There is no way that its worth 2 grand to teach someone how to measure and skin and flesh and then in the same breath tell them to send it out to be tanned. There are so many great in shop tans that can be done that turn out every bit as well as a tannery. If you cant flesh and tan and thin your own work then your not much of a taxidermist. 


Also, dont waste your time on taxidermytube. There are far better tutorials out there that are made by better taxidermists. Dan over looks a lot of things, in his classes he teaches people to use an earliner AND leave the ear cartilage in. If you want the best video for deer, you need to get Rick Carters dvd.


----------



## kwhit

*Taxidermy training/SCWA*

Hi SCWA,
Saw the thread about doing taxidermy, your best "BEST BET" would be too check out "Taxidermy Net.com" for help with getting your videos, books and supplies. Also one of the best things is to join a state taxidermy group..And make the trip to the competions..you have to enter any mounts to go..just become a member. Best thing I did when I did taxidermy, you will learn a lot from the seminars and check out some "GREAT'" mounts and also meet a number of folks who can give some excellent advice on any mounts you may have entered into the show!!!!:thumbs_up All this can be found on the above web site above. Best of luck with the "Art of Taxidermy"!!! I wish I still had time to do it:sad:


----------



## get er dun

kahoff said:


> Hey, I got that wild hair too right now. I am actually thinking about quitting my teaching job and a guarnteed paycheck to start doing taxidermy. I have been studing the profession for a few monthes now and working on a few practice projects. Try convincing your fiance and family to let you quit a guarnteed job to persue your dreams. I am working every extra minute I can right now on learning the trade. One really helpful resource I have found is taxidermytube.com It costs 20 bucks a month but it teaches you quite a bit of the basics. What I did was study the videos and took detailed notes so I don't have to renew my subscription next month. By doing this I have learned some of the basic supplies needed to get started and am currently working on two bird mounts and two deer mounts. The guy who makes most of the videos is Dan Rinehart who runs a taxidermy school. He shows you in pretty good detail how to do a pheasant mount, standing duck mount, deer shoulder mount, and a fox mount. Those are pretty much the basics since everything else is done similar to those animals. All I can say is good luck. It is hard work getting started and learning the basics but I hope it pays off for the both of us. Otherwise I will have one pissed off wife in the future.

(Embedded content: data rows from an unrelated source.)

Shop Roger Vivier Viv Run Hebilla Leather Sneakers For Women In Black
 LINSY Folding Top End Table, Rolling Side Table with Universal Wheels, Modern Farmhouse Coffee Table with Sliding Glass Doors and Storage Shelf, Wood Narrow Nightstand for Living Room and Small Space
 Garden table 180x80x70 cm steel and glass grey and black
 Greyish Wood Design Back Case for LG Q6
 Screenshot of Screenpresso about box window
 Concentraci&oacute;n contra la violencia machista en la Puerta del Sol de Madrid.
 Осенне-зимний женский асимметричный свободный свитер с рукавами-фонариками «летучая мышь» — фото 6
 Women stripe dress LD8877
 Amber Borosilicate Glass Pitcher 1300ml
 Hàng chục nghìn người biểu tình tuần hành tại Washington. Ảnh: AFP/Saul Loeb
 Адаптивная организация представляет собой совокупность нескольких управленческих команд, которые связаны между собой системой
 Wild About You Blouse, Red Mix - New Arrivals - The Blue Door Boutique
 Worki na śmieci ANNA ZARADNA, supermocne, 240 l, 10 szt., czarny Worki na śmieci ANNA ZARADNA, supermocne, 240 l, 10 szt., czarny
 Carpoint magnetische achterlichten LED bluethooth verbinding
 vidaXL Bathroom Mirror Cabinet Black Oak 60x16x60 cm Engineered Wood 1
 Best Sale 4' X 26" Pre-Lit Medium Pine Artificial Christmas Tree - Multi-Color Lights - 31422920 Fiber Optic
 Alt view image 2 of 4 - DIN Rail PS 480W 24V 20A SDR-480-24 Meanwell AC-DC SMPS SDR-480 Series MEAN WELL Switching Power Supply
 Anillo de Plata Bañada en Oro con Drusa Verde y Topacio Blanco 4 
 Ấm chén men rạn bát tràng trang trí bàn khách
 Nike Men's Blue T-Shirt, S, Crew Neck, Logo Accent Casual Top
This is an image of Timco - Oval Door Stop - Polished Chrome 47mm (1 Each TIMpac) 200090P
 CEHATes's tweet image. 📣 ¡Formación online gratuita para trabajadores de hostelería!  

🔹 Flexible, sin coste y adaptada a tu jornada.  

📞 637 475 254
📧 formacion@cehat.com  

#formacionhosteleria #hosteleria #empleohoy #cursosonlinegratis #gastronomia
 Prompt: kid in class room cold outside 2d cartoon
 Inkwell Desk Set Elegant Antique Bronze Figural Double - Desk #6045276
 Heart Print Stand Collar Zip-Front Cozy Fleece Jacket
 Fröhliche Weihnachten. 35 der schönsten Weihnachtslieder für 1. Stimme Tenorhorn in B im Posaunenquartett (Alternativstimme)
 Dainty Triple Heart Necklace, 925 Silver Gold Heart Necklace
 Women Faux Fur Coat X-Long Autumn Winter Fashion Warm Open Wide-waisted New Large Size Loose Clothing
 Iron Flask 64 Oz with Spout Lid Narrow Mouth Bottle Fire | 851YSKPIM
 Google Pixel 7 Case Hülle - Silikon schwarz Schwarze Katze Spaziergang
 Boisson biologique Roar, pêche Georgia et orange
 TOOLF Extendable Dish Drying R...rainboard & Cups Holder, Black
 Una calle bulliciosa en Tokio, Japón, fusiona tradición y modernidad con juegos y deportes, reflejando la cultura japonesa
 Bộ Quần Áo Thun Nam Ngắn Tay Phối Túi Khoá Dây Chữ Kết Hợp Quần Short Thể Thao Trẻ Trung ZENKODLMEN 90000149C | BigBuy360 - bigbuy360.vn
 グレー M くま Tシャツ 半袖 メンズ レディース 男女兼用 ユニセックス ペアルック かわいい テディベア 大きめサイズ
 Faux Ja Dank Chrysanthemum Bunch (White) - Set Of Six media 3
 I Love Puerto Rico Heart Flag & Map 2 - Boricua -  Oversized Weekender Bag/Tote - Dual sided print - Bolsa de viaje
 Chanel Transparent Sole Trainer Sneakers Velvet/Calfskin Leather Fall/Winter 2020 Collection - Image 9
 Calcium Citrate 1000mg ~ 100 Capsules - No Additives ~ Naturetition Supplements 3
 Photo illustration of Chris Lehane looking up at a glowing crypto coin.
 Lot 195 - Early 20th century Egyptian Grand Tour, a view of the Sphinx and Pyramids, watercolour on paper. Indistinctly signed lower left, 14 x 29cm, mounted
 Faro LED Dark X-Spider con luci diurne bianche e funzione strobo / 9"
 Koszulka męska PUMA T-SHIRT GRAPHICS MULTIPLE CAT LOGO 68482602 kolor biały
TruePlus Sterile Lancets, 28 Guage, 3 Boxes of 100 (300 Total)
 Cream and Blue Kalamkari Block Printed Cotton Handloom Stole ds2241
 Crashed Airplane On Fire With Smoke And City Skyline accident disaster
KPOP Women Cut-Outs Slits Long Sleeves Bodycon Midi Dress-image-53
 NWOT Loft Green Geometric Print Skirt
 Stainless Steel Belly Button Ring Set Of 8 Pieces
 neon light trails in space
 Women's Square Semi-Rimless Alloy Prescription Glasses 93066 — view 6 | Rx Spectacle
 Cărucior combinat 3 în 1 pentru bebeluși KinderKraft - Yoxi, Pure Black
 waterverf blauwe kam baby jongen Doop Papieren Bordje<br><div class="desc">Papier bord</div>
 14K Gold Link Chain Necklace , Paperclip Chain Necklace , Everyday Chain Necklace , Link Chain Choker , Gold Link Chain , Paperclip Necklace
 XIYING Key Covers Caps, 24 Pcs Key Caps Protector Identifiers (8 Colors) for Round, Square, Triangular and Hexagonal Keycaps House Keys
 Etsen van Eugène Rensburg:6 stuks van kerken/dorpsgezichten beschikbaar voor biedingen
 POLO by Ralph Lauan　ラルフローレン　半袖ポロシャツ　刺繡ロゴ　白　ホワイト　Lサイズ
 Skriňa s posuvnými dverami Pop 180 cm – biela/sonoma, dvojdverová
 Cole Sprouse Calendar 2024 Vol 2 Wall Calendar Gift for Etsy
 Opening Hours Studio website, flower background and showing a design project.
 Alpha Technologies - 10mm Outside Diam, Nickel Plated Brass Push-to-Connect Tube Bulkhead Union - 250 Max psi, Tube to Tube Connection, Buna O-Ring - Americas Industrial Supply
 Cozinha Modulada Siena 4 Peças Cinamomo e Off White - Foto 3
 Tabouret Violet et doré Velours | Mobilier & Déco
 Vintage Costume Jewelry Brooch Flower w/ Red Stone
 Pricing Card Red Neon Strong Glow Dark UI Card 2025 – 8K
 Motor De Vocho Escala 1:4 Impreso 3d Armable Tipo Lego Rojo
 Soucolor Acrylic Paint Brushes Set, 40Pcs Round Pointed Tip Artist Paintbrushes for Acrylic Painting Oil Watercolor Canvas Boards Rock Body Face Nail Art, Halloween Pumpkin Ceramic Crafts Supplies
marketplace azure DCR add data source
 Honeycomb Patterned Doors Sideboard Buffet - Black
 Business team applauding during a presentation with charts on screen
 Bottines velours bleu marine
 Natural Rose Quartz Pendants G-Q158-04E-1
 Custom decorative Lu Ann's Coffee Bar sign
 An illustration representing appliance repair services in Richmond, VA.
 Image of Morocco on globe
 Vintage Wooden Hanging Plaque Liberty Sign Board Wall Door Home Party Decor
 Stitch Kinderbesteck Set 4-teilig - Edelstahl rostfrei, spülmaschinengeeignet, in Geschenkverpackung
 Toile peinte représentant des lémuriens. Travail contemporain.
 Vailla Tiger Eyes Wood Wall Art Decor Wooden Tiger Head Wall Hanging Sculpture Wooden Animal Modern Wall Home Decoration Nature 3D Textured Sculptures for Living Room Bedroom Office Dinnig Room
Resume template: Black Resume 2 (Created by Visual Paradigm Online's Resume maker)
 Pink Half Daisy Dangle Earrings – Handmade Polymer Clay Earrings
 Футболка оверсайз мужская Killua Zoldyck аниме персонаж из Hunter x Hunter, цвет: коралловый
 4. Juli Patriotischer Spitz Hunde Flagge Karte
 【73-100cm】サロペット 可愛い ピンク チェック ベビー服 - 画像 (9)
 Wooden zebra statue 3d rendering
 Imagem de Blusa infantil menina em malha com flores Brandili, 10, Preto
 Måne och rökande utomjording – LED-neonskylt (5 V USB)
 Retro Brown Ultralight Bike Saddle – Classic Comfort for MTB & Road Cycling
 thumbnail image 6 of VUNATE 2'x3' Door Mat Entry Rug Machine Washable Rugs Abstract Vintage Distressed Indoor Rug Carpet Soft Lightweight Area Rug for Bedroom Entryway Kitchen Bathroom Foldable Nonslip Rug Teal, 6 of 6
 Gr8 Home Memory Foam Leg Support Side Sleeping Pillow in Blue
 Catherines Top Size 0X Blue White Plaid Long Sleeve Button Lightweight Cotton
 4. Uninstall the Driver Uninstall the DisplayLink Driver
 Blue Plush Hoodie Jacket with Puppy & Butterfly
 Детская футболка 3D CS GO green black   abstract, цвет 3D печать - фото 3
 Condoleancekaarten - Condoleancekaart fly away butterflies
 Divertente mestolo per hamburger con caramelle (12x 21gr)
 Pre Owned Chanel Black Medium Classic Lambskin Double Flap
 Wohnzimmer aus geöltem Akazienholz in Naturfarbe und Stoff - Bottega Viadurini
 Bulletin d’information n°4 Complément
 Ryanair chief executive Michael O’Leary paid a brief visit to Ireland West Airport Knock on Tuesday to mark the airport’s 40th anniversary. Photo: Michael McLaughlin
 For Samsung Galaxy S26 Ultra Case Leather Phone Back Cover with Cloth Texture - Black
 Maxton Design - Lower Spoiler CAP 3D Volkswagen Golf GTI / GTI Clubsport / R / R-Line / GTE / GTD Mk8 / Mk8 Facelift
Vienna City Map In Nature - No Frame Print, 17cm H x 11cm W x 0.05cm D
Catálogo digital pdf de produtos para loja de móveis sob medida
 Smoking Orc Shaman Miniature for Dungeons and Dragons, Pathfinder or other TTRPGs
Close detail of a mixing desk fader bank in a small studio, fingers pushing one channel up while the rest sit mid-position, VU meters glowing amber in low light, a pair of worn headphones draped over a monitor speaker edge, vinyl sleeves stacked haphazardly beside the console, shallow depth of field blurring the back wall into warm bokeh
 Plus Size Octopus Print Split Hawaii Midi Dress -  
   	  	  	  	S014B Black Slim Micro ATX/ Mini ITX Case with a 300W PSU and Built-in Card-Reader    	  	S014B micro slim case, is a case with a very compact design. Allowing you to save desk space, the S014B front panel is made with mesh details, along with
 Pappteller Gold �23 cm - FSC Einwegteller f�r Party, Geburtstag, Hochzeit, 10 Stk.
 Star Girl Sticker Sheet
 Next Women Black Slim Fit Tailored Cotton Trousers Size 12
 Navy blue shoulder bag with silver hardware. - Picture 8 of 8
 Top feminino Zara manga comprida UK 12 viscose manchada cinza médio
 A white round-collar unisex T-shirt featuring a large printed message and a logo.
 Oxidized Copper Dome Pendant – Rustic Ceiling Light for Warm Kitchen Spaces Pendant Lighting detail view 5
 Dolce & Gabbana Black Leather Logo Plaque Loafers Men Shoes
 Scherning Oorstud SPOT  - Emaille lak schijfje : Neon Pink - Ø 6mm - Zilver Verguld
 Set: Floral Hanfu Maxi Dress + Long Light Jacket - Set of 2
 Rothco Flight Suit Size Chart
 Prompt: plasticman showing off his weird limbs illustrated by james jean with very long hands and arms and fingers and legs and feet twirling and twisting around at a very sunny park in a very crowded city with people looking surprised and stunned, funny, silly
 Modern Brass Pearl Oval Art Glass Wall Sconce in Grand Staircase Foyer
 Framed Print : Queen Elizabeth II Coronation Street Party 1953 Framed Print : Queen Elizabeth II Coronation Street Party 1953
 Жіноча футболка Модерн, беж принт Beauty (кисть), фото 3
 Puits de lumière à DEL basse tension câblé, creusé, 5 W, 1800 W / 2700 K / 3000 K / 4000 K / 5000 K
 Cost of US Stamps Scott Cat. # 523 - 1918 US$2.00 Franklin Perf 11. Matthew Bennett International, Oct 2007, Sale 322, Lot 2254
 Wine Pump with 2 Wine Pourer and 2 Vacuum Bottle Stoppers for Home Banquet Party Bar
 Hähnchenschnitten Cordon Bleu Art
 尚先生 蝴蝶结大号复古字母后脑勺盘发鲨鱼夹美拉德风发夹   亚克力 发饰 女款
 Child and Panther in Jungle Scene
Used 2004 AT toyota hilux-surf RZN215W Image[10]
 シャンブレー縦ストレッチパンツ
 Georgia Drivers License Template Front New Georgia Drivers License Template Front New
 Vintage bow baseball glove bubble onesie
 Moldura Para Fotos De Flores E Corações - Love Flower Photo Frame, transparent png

quit your job? are you nuts? most of us are lucky to put food on the table.


----------



## get er dun

The Man said:


> Man please dont be another one of the many who have totally messed up someones trophy, because you wanted to cut out the training. This is an art we are talking about here. If you want to do something then do it right. quit trying to reinvent the wheel. You have a chance to go some where and learn all the things not to do and the easiest way to do something. 5K up front is a lot cheaper than what your going to spend, and what your going to loose trying what your talking about. Dont deface the proffesion any worse. Taxidermy is an art, that requires first off tallent. second an education in animal anatomy, and a whole lot of people skills. When you open up a part time shop you are killing the good taxidermist. you are taking away potential customers, and taking food out of his familys mouth.
> Get your education, establish your credentals, and earn that place in the taxidermy field.
> How would you like it if you needed a lawyer, a new office opened up in town and was the cheapest place around. You go to court and loose. Come to find out your lawyer was a taxidermist that that figured he could do just as good a job, and thought the money for law school was to high, so he skipped school bought some books and went to work. Same situation as where your at. Does it sound as good now?
> Im not a taxidermist. but I tried what you are talking about while I was in high school. Lucky for me I only screwed up a few peoples mounts. I have a very close friend who went to school. He spent the money, and he is turning out very nice work, that is not going to decay over time. If you truely enjoy taxidermy, make it your passion. Dont just go in and goof around with it.
> Sorry for the spelling was in a hurry


AMEN!!!!!!!!!!!!!! there is enough hacks already


----------



## JerseyJays

i dumped close to $30,000 in 8 months to learn taxidermy from Pennsylvania Institute of Taxidermy... here I am, less than 4 years into things, and I took 2009 Garden States Best All Around Taxidermist...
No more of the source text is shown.